Отряд транспортов и боевых кораблей Черноморского флота успешно выполнил задание и перевез войска целой армии и военно-морской базы без потерь. Войска из Одессы ушли непобежденными. [81]

История войн не знает примера более четкой а организованной эвакуации морем такой массы людей, вооружения и техники. Исключительную роль в обороне Одессы сыграли корабли Черноморского флота. И это естественно: они защищали свою военно-морскую базу.

К утру находившиеся на кораблях и транспортах воинские части выгрузились и рассредоточились на берегу. Армейских офицеров прибывшего в нашу бухту соединения мы пригласили к себе в кают-компанию.

Сознаюсь, с интересом присматривался, я к этим людям из Одессы. Хоть мы в Севастополе и подвергались почти ежедневным налетам и бомбежке фашистской авиации, но нам еще не приходилось участвовать в непосредственных схватках с фашистами, ходить в штыковую атаку под артиллерийским и минометным огнем.

Наши гости чувствовали то, что должен был чувствовать всякий человек, выйдя живым и невредимым из горячего боя, и сейчас радовались непривычной утренней тишине, ясному солнцу и спокойному морю.

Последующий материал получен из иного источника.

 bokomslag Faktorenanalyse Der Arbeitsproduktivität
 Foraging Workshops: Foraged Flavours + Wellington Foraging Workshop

Но каким бы ни было приятным и красивым в это тихое утро Черное море, настоящий пехотинец никогда не променяет матушку-землю на эту зыбкую стихию.

- На земле как-то и воевать сподручней и умирать, если надо, спокойней! - говорят бывалые солдаты. - На земле тебе и бугорок и кустик поможет, и зацепиться и удержаться есть где, да и врага обмануть легче. А вода есть вода!

Бывает, что от одного случайного снаряда или торпеды гибнет корабль, а с ним и беспомощные «пассажиры», в которых превращаются бравые пехотинцы, попадая на корабль. Если шторм захватит в море - моряку хорошо. Он на вахте, у механизмов, занят своим делом, а пехота сидит в трюме и томится в ожидании.